Certo che se si inseriscono tutti i propri dati personali in chiaro, comprese le parentele fino al quinto grado.

Se si pubblica un diario della propria giornata in “tempo reale”, corredato di luoghi e fotografie, anche personalissime.

Poi non ci si può dolere della perdita della privacy e dell’invadenza degli altri.

Sicuramente non è colpa del Social Network, ma del “somaro” che l’utilizza!

È proprio come la vita reale: non bisogna “mettere in piazza” gli affari propri.

Per mantenere la propria privacy non bisogna starsene tappati dentro casa, senza parlare con nessuno, ma semplicemente non rivelare ad altri i fatti propri.

Ma questo dipende anche da un altro brutto vizio molto diffuso: l’assoluta mancanza di misura e senso critico.

Sulla mancanza di misura rimando a Far Web di Matteo Grandi che analizza a fondo e con competenza il fenomeno di questo mondo virtuale in cui vi è l’illusione che tutto sia permesso.

Che si possa dare liberamente sfogo agli istinti più biechi, facendola franca.

Sulla mancanza di senso critico, invece, va sottolineato che la maggior parte delle persone quando legge un articolo o un link su un Social Network o quando sente una notizia in TV, non si chiede se sia verosimile o meno, se sia possibile o meno.

In buona sostanza non verifica se sia VERA o meno.

Acriticamente la accetta e la condivide, diffondendola oppure la rifiuta a priori, magari solo per preconcetti di tipo politico o ideologico.

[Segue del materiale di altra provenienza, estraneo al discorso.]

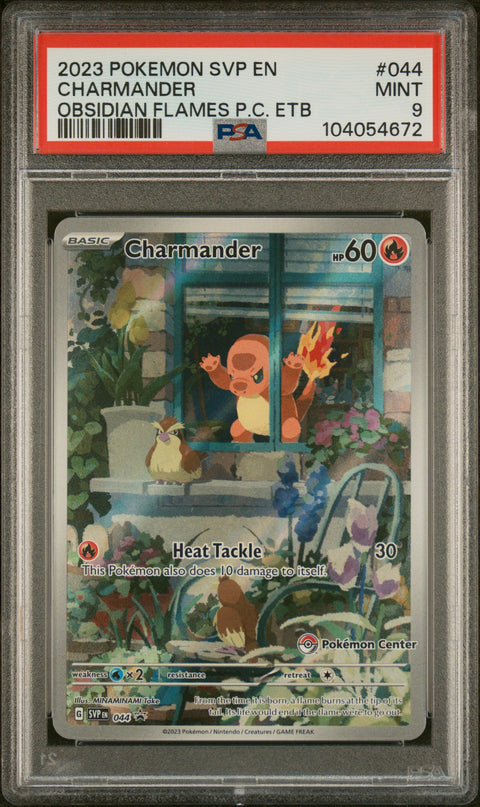 2023 Pokemon Black Star Promo #044 Charmander Obsidian Flames P.C. Etb PSA 9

Invece nulla va preso per oro colato, tutto va valutato, “pesato”.

Più volte me la sono presa con le cd. “catene di S. Antonio”: tutte quelle notizie “strappalacrime”, su bambini bisognosi di trasfusioni o efferati abusi su animali, magari corredati da foto raccapriccianti da “far girare per sensibilizzare l’opinione pubblica”.

Ho più volte esortato tutti – prima di trasmettere la notizia, intasando i server email o i profili social – a verificare i fatti.

Internet, infatti, non serve solo ad impicciarsi dei fatti degli altri, farsi commuovere dalla “bufala” e – con un semplice click – rispedirla, pacificando con tale automatico ed acritico atto la propria coscienza civile, sentendosi un buon cittadino.

Internet serve soprattutto (uso virtuoso) a verificare la notizia.

Vi sono innumerevoli siti che smascherano le cd. “bufale”: basta una semplice ricerca su Google.

Invece la verifica critica è una cosa che in pochi fanno, purtroppo.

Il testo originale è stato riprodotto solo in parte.